For someone who since 1997 has been opposing the regulatory paradigm used by the Basel Committee for Banking Supervision, even as an Executive Director of the World Bank 2002-2004, today was a great day.
As a member of Civil Society, whatever that now means, at a City Society Town-hall Meeting during the 2010 Annual Meetings, I had the opportunity to pose the following question to Dominique Strauss-Kahn, the Managing Director of the International Monetary Fund, and to Robert B. Zoellick, the President of the World Bank:
“Right now, when a bank lends money to a small business or an entrepreneur it needs to put up 5 TIMES more capital than when lending to a triple-A rated clients.

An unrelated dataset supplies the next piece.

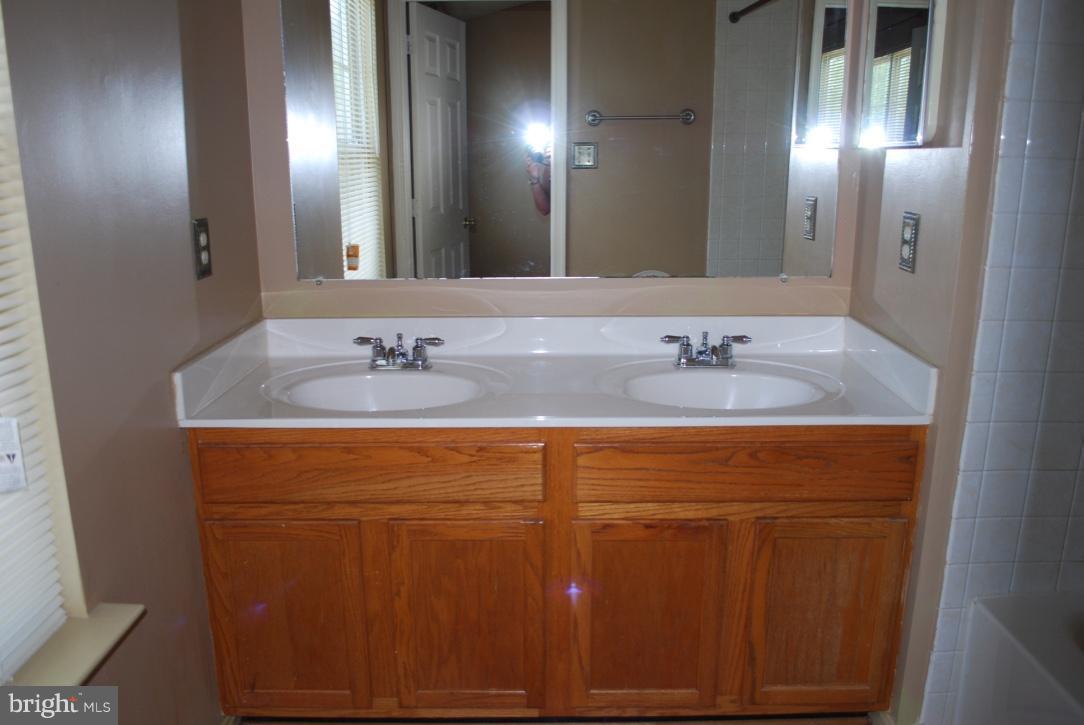 ACTON VILLAGE - Residential Lease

When is the World Bank and the IMF speak out against such odious discrimination that affects development and job creation, for no good particular reason since bank and financial crisis have never occurred because of excessive investments or lending to clients perceived as risky?”
Dominique Strauss-Kahn answered in no uncertain terms that “capital requirement discrimination has no reason to be” and Robert B. Zoellick agreed and pointed to what he has done in order to diminish the regulatory discrimination against trade finance.
The question that now floats around there out in the open, is what the Basel Committee on Banking Supervision, the supreme global regulatory authority, has to say about that, because bank capital requirement discriminations based on perceived risks is precisely the heart and soul of their regulatory paradigm.